Figure 1 - Greenplum's Platform Extension Framework (PXF)
Figure 1 illustrates Greenplum’s Platform Extension Framework (PXF), the product’s architecture. The warehouse offers what the company calls “polymorphic storage” by which it means that data is stored in row and/or column format, or in external tables in HDFS or Amazon S3, depending on the queries you want to run. Row-based data is indexed for faster access, while columnar storage leverages Standard compression.
But query capability is extended beyond these confines as illustrated, so that you can federate queries across multiple data stores, with queries either running in the source system, or you can pull data into the warehouse. The company’s “next generation” cost-based database optimiser, called Orca (see Figure 2), introduced in 2017, knows about the location of relevant data and in federated environments can use both push-down filters and column projection to improve performance. The database employs the concept of slices, which are used in parallel for the execution of scans, joins, sorts, aggregations and so forth. A variety of indexes types are supported, including specialised ones for geospatial and text data.
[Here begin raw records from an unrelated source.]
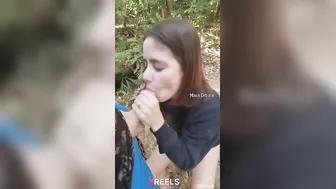Jungle Mein Saree Wali Hot Babe Lund Chus Rahi Khade Khade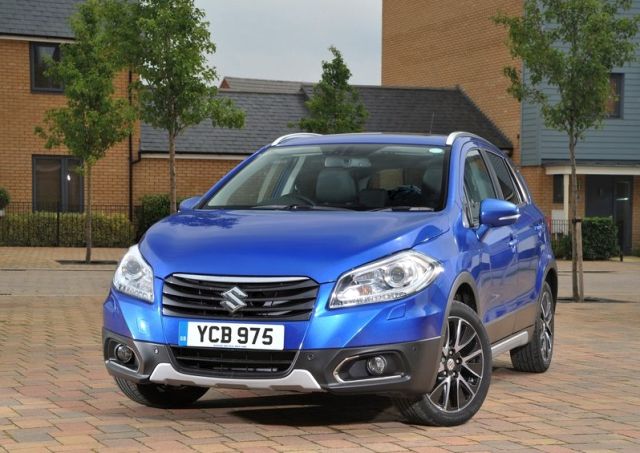 Mavi Suzuki S-Cross ön üç çeyrek görünümü
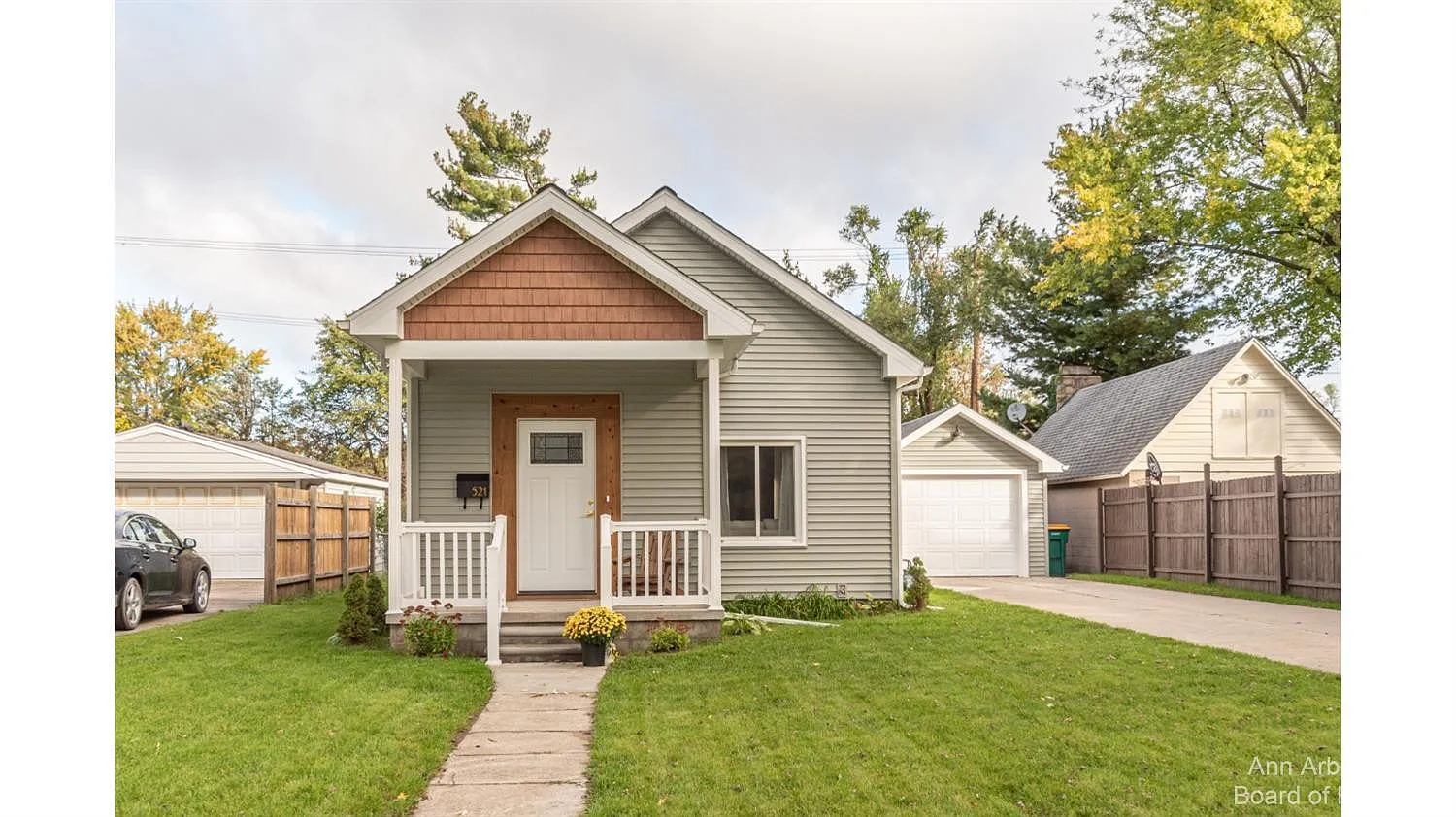 521 Ideal St photo 1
Figure 2 - The architecture of Greenplum
Looking into the architecture shown in Figure 2, in more detail, the key to Greenplum’s performance is in the way that it distributes data, using a combination of vertical partitioning and segments, where segments also support redundancy for failover purposes. The product also features dynamic pipelining, in-memory query processing, workload management (significantly enhanced in the latest version, which is 6.0), automatic elastic query execution (where you spin up more resources, as required), and dynamic cluster expansion/shrink capabilities when the product is deployed in
Other noteworthy capabilities include the fact that Greenplum is ACID compliant and supports two-phase commit (with major performance improvements in the latest version of the product), connectivity with both Spark and Kafka (mapping Kafka topics to Greenplum tables on a continuous basis, with exactly once delivery), the Greenplum Command Center for database administration and management (significantly enhanced in the latest release), high availability, snapshotting to support disaster recovery, write ahead logs for improved (in version 6) stability and fault tolerance. In the latest release, the company has also made a concerted effort to reduce the need to move data. For example, it has introduced a replicated tables capability and, when querying across a third-party environment such as Amazon S3, you now only have to move required data into Greenplum rather than having to do so in bulk.